* [TASK DESCRIPTION]:
All of the records below are to be given again word for word, with the pictures removed.

* [INFORMATION SUPPLIED]:
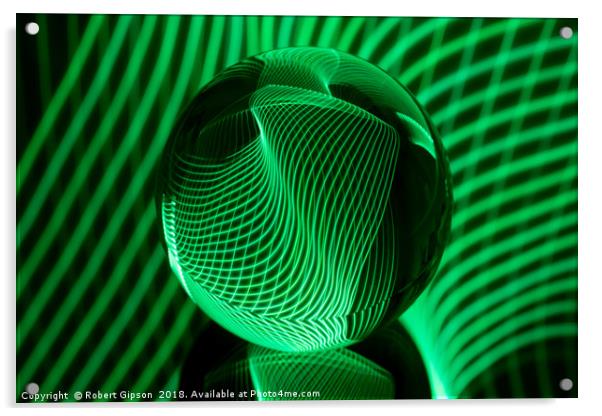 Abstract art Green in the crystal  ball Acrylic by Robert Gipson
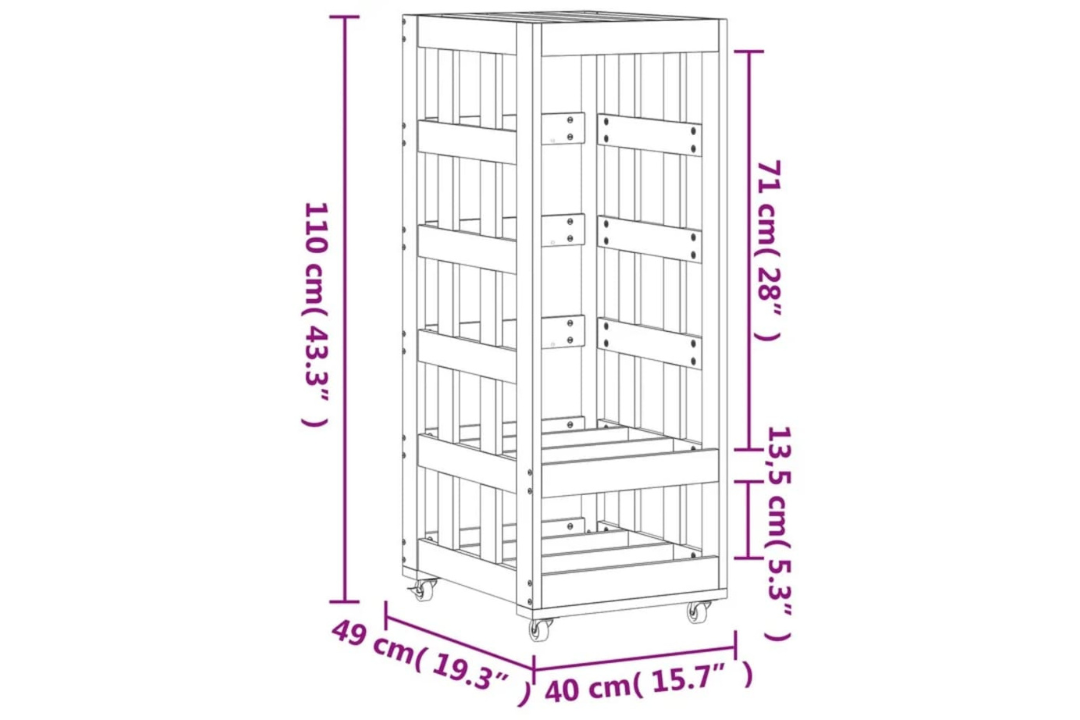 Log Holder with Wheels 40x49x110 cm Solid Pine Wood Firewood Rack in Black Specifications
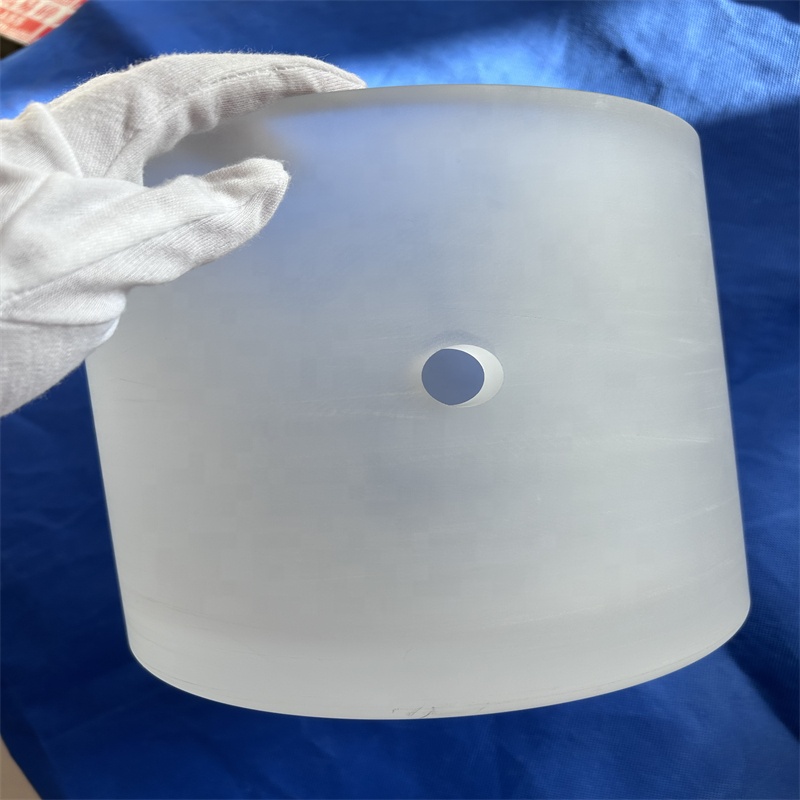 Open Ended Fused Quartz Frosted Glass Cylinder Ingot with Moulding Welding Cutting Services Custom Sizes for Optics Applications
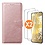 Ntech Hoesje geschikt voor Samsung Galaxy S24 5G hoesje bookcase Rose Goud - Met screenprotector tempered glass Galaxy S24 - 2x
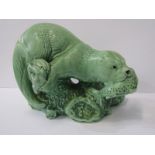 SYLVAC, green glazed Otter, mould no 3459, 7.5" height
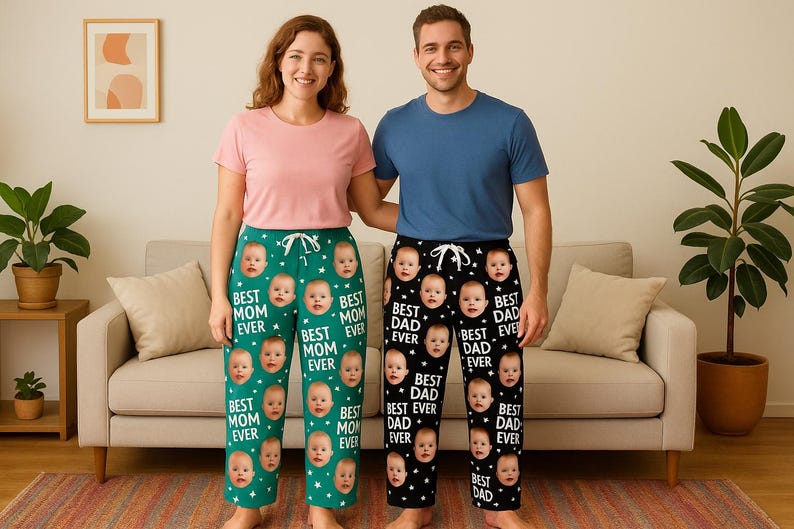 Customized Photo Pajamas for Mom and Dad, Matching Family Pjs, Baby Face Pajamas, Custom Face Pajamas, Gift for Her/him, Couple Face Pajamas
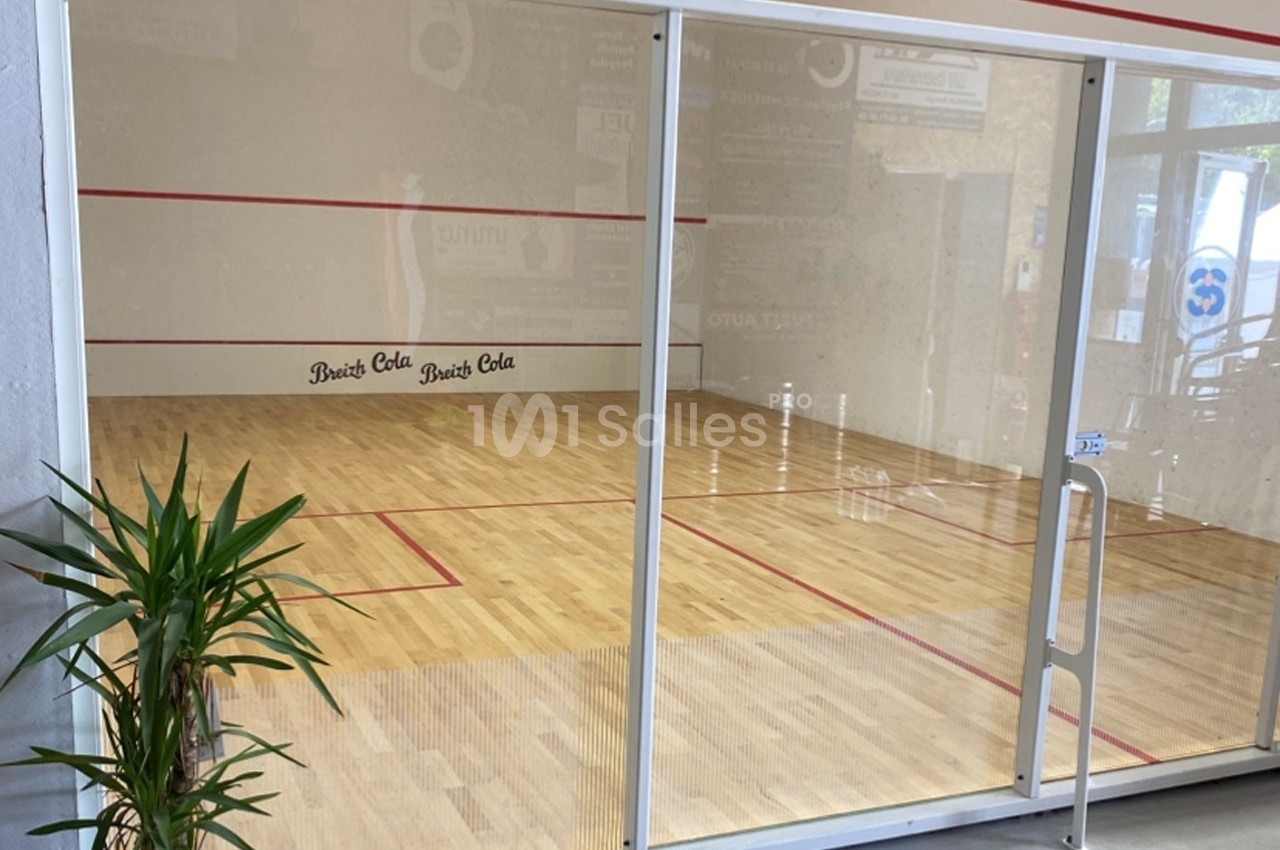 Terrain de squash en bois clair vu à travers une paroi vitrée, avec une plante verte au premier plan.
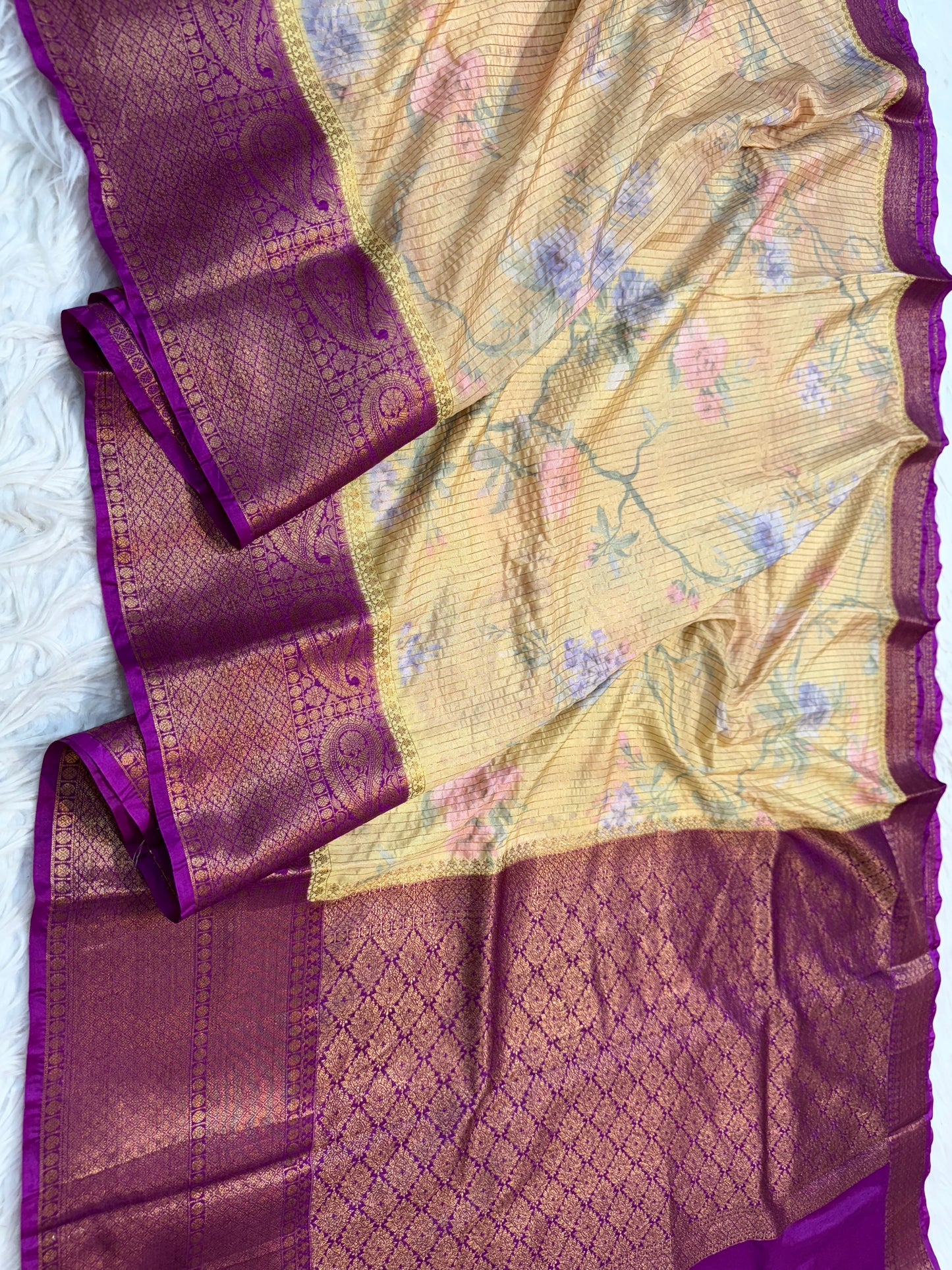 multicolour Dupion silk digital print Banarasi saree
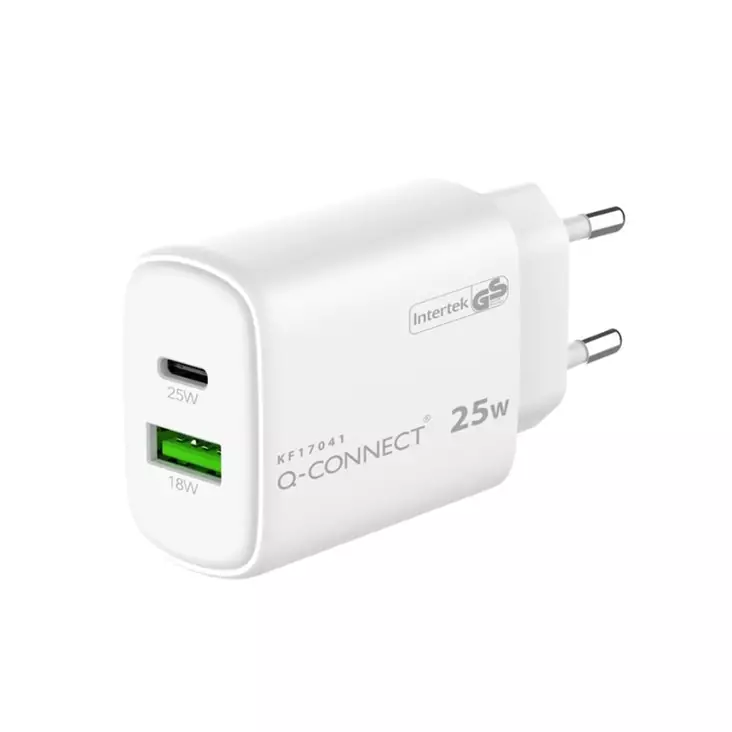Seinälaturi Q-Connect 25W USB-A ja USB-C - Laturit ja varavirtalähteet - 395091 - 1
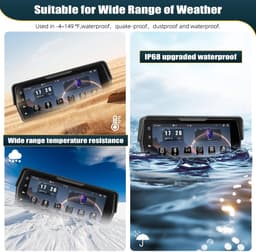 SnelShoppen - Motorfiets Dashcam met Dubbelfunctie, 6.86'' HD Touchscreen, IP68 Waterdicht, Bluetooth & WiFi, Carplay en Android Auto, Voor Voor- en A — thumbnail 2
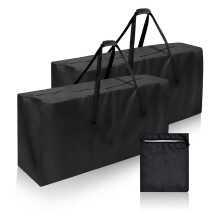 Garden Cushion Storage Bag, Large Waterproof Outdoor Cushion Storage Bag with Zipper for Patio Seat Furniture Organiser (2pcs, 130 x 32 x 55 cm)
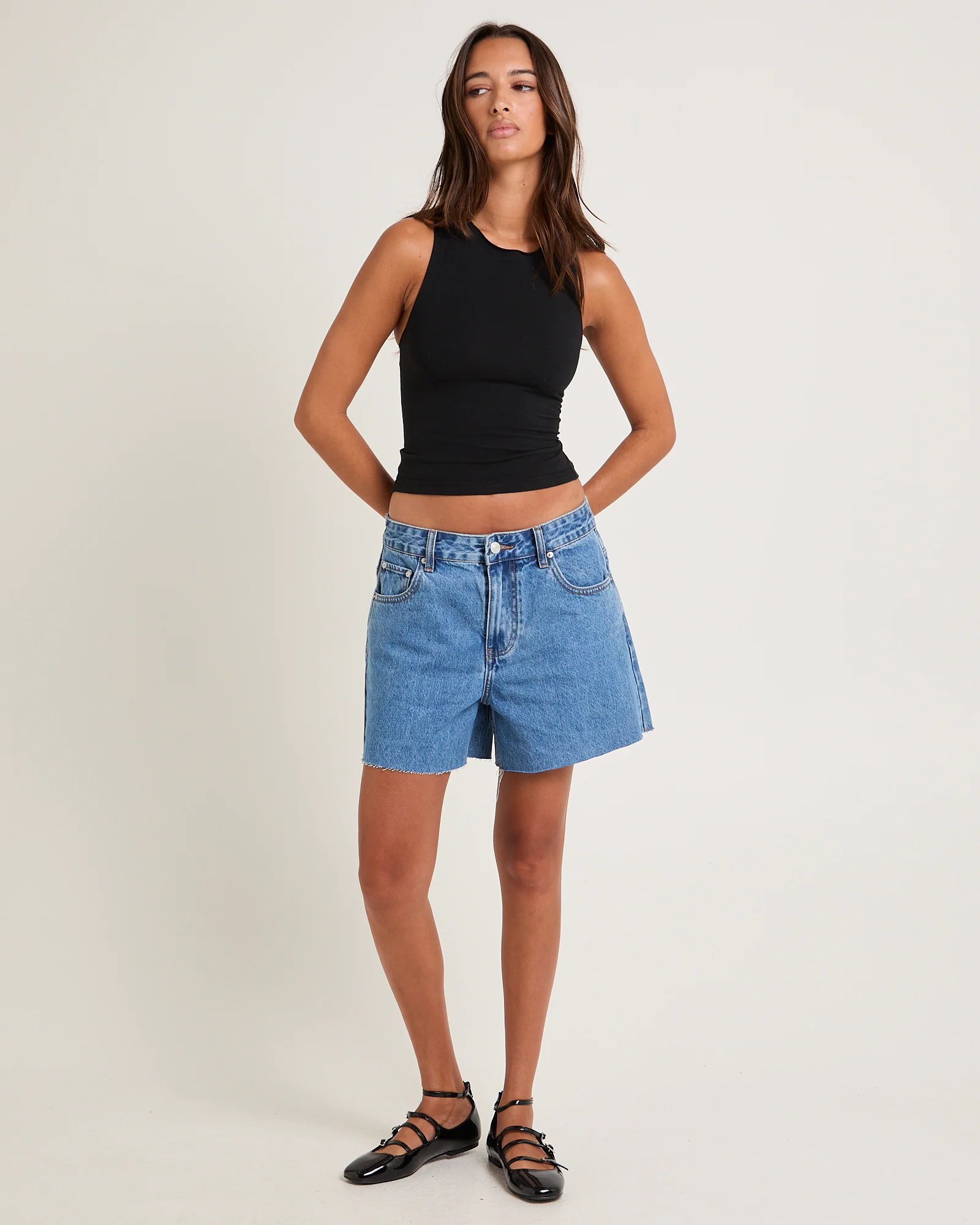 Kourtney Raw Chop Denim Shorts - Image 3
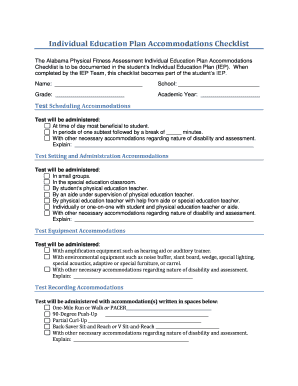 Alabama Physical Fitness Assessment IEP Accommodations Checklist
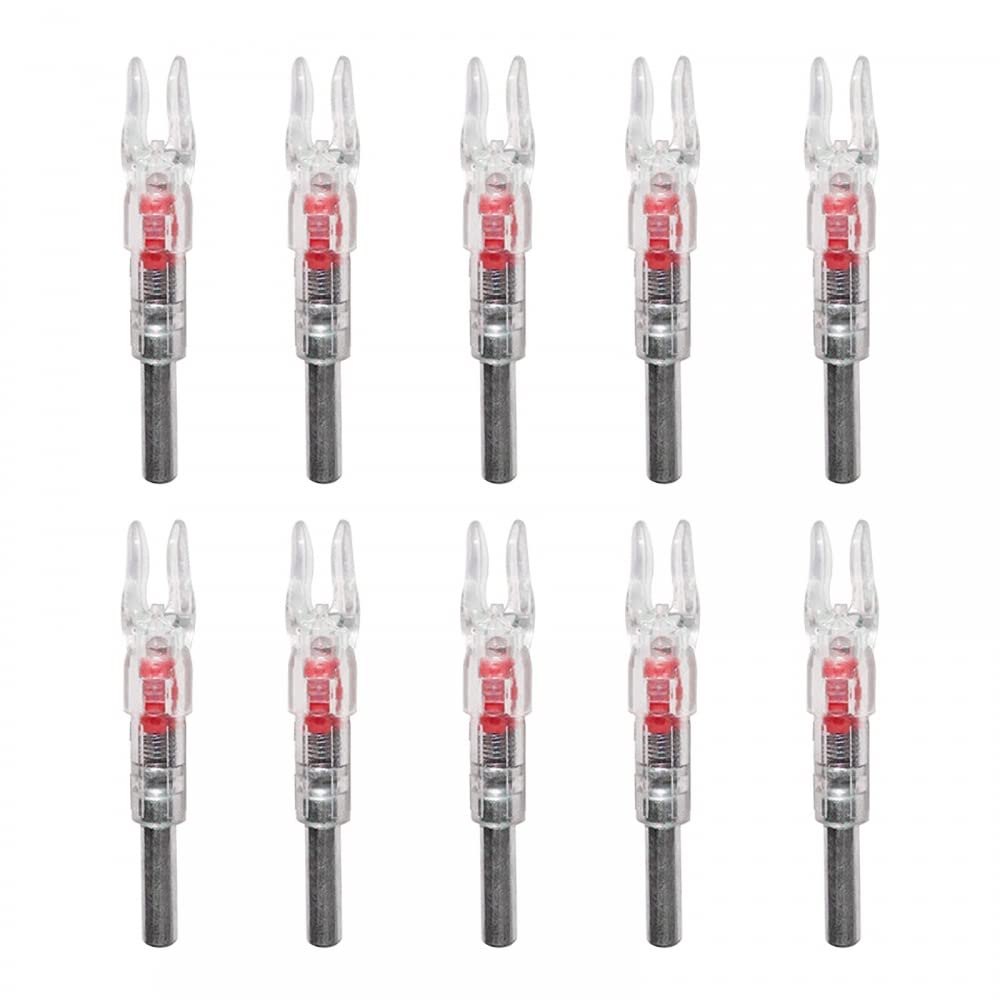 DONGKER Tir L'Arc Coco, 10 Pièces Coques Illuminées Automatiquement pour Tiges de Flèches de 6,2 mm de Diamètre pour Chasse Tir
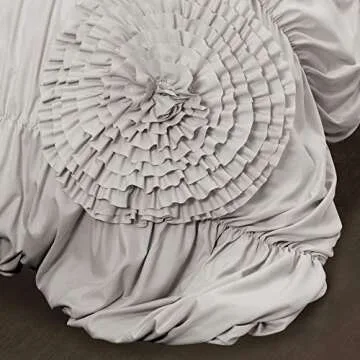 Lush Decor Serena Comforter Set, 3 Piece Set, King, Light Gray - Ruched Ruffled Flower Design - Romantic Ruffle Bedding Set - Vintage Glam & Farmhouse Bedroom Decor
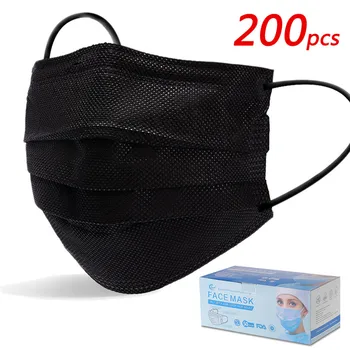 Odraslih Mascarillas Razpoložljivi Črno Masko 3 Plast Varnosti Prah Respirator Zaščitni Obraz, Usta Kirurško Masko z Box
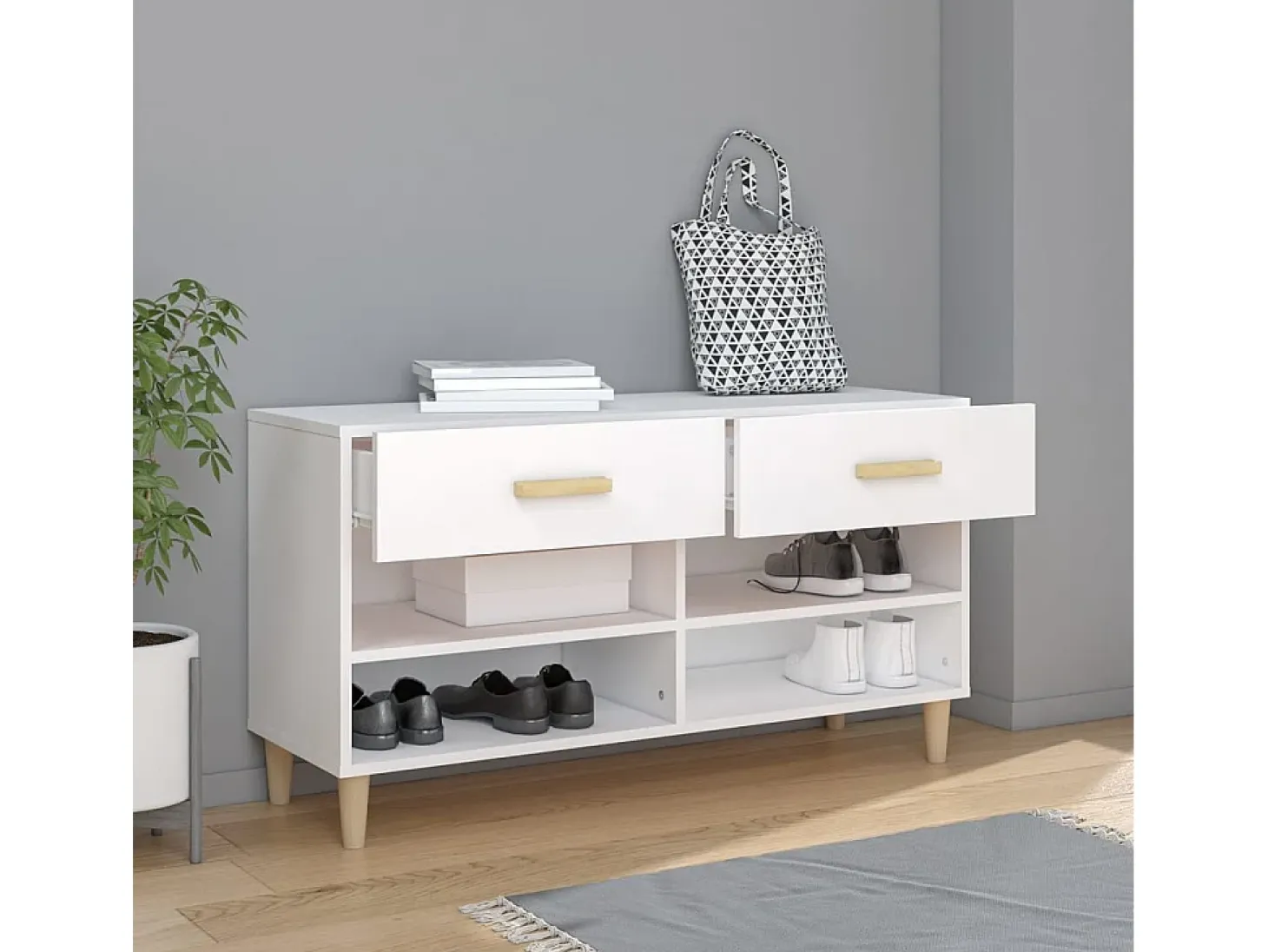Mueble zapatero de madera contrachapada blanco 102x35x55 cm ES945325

* [YOUR SOLUTION]:
 Abstract art Green in the crystal  ball Acrylic by Robert Gipson
 Log Holder with Wheels 40x49x110 cm Solid Pine Wood Firewood Rack in Black Specifications
 Open Ended Fused Quartz Frosted Glass Cylinder Ingot with Moulding Welding Cutting Services Custom Sizes for Optics Applications
 Ntech Hoesje geschikt voor Samsung Galaxy S24 5G hoesje bookcase Rose Goud - Met screenprotector tempered glass Galaxy S24 - 2x
 SYLVAC, green glazed Otter, mould no 3459, 7.5" height
 Customized Photo Pajamas for Mom and Dad, Matching Family Pjs, Baby Face Pajamas, Custom Face Pajamas, Gift for Her/him, Couple Face Pajamas
 Terrain de squash en bois clair vu à travers une paroi vitrée, avec une plante verte au premier plan.
 multicolour Dupion silk digital print Banarasi saree
Seinälaturi Q-Connect 25W USB-A ja USB-C - Laturit ja varavirtalähteet - 395091 - 1
 SnelShoppen - Motorfiets Dashcam met Dubbelfunctie, 6.86'' HD Touchscreen, IP68 Waterdicht, Bluetooth & WiFi, Carplay en Android Auto, Voor Voor- en A — thumbnail 2
 Garden Cushion Storage Bag, Large Waterproof Outdoor Cushion Storage Bag with Zipper for Patio Seat Furniture Organiser (2pcs, 130 x 32 x 55 cm)
 Kourtney Raw Chop Denim Shorts - Image 3
 Alabama Physical Fitness Assessment IEP Accommodations Checklist
 DONGKER Tir L'Arc Coco, 10 Pièces Coques Illuminées Automatiquement pour Tiges de Flèches de 6,2 mm de Diamètre pour Chasse Tir
 Lush Decor Serena Comforter Set, 3 Piece Set, King, Light Gray - Ruched Ruffled Flower Design - Romantic Ruffle Bedding Set - Vintage Glam & Farmhouse Bedroom Decor
 Odraslih Mascarillas Razpoložljivi Črno Masko 3 Plast Varnosti Prah Respirator Zaščitni Obraz, Usta Kirurško Masko z Box
Mueble zapatero de madera contrachapada blanco 102x35x55 cm ES945325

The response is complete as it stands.